AIM OF THE EXERCISE:
Your response should consist of the entire listing, transcribed exactly, with every image left out.

+++

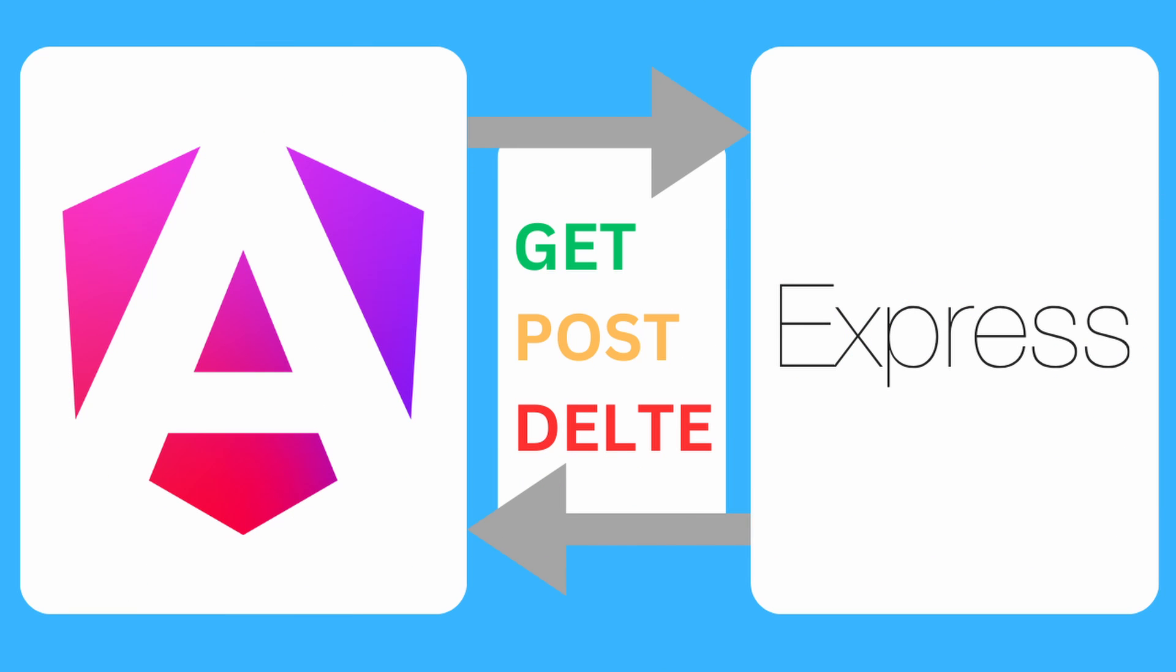In this tutorial, I will show you how to connect a basic Angular app to an Express server via HTTP requests. The first link in the description will show you how the Express server was created.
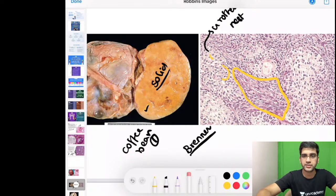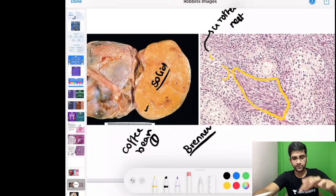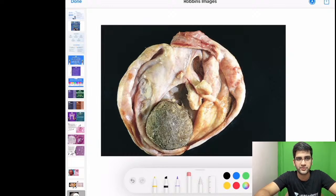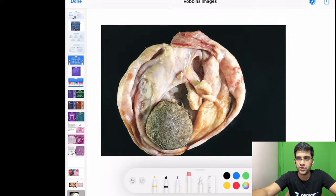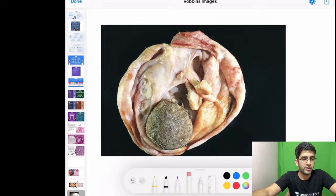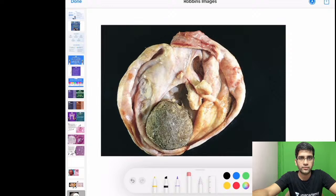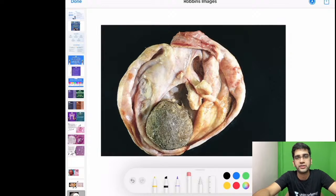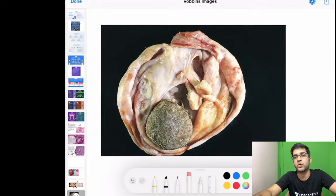The next image is a spotter — classical teratoma. Teratomas in women are most likely benign: mature cystic teratoma. Microscopically, teratomas can be mature, immature, or malignant. To classify something as an immature teratoma, the characteristic finding required is primitive neuroepithelium.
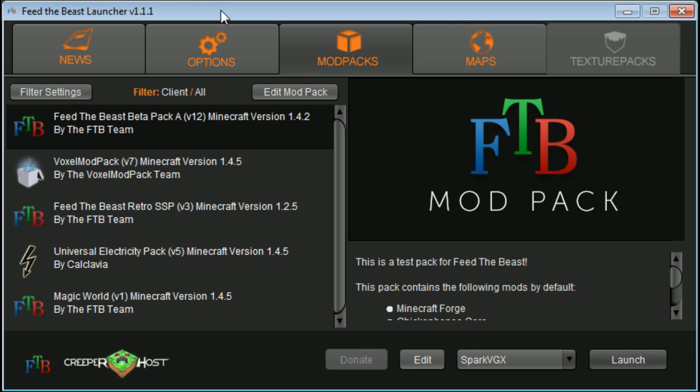Okay, is this thing on? Fantastic! Alright, so some of you wanted to know how to increase the RAM that your Feed the Beast was using. Because this guy, he loves to suck up RAM, he loves it.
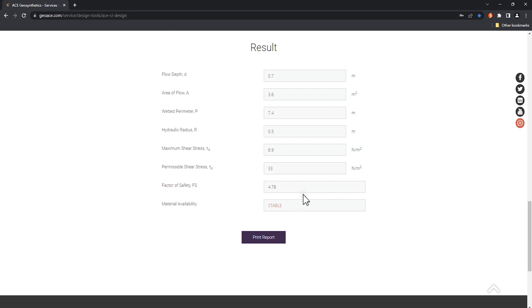As this value is greater than the required FS 1.5, it indicates that the material stability can protect channels and slow down erosion damage. If there is no lining material, select soil as the lining material.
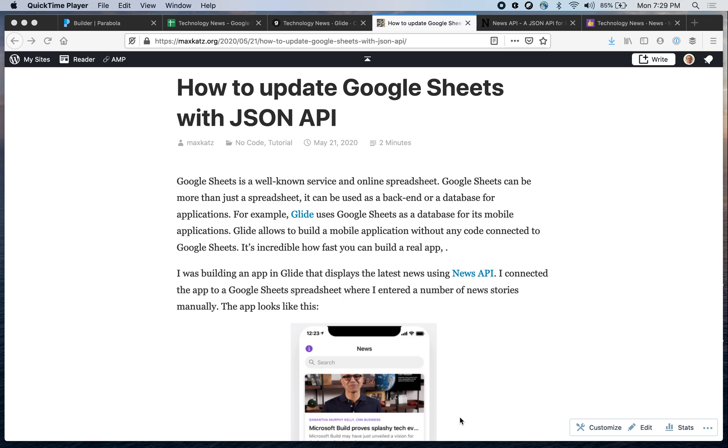Hey folks, this is Max and welcome to another no-code video. In this video I want to show you how to update Google Sheets with the JSON API, or another way to look at it, how to update with an external REST API.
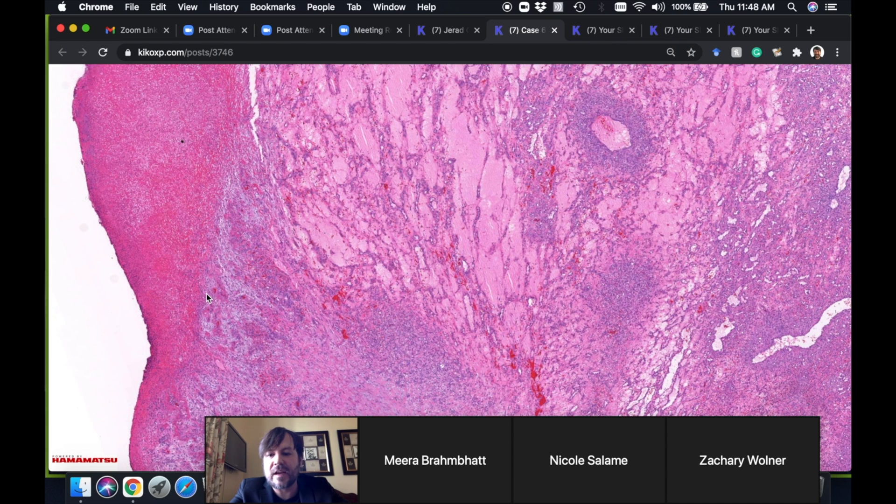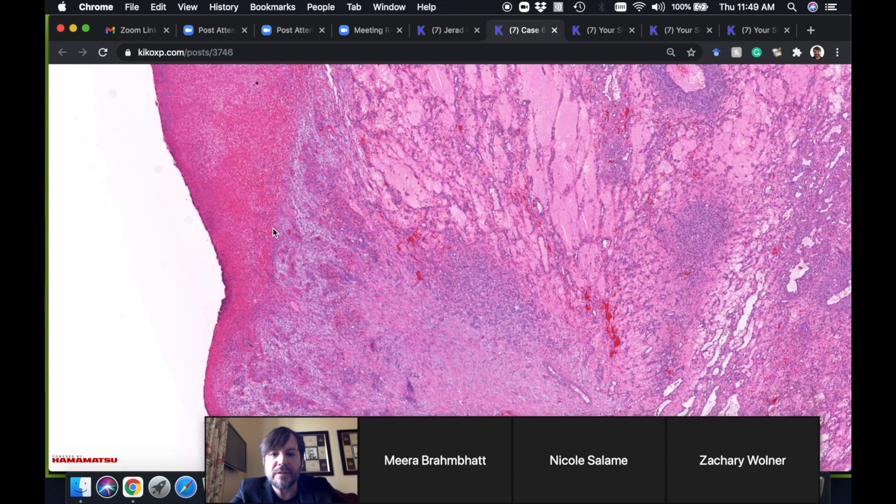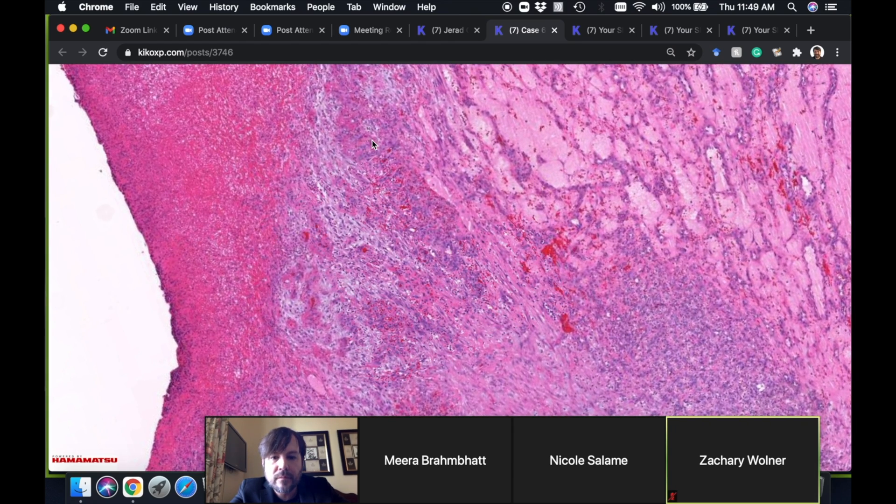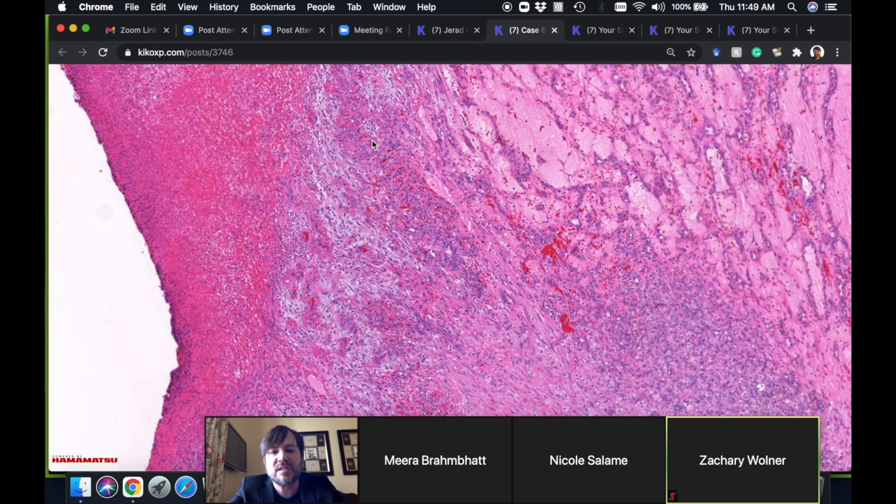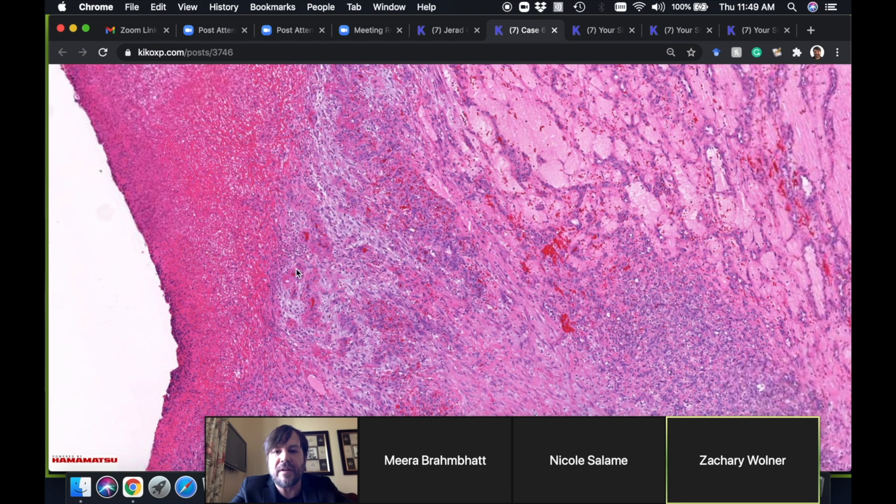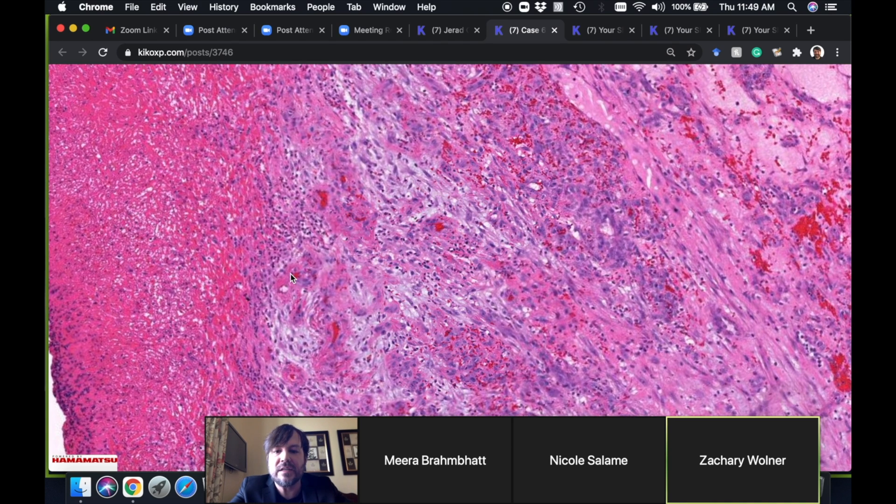If you start seeing a bunch of neutrophils down in the middle of something that looks like a PG, what other things should you think about? There's a rare thing that can mimic pyogenic granuloma but tends to have more neutrophils. Very good—bacillary angiomatosis.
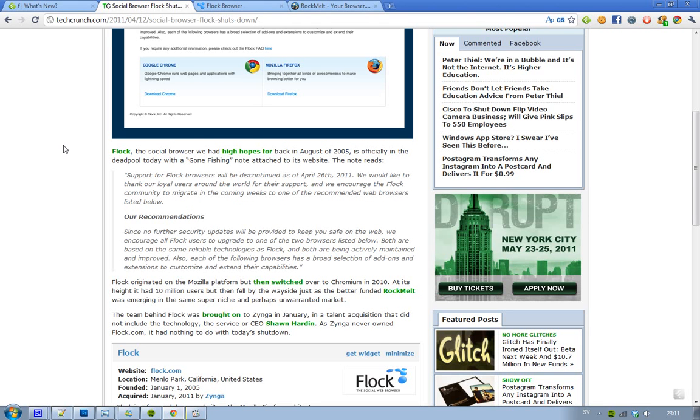Hey guys, I thought I'd just let you know pretty quick that the browser, the social browser called Flock, is officially now dead.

+++

EXERCISE RESPONSE:
In this tutorial, I will show you how to connect a basic Angular app to an Express server via HTTP requests. The first link in the description will show you how the Express server was created.
The next image is a spotter — classical teratoma. Teratomas in women are most likely benign: mature cystic teratoma. Microscopically, teratomas can be mature, immature, or malignant. To classify something as an immature teratoma, the characteristic finding required is primitive neuroepithelium.
Okay, is this thing on? Fantastic! Alright, so some of you wanted to know how to increase the RAM that your Feed the Beast was using. Because this guy, he loves to suck up RAM, he loves it.
As this value is greater than the required FS 1.5, it indicates that the material stability can protect channels and slow down erosion damage. If there is no lining material, select soil as the lining material.
Hey folks, this is Max and welcome to another no-code video. In this video I want to show you how to update Google Sheets with the JSON API, or another way to look at it, how to update with an external REST API.
If you start seeing a bunch of neutrophils down in the middle of something that looks like a PG, what other things should you think about? There's a rare thing that can mimic pyogenic granuloma but tends to have more neutrophils. Very good—bacillary angiomatosis.
Hey guys, I thought I'd just let you know pretty quick that the browser, the social browser called Flock, is officially now dead.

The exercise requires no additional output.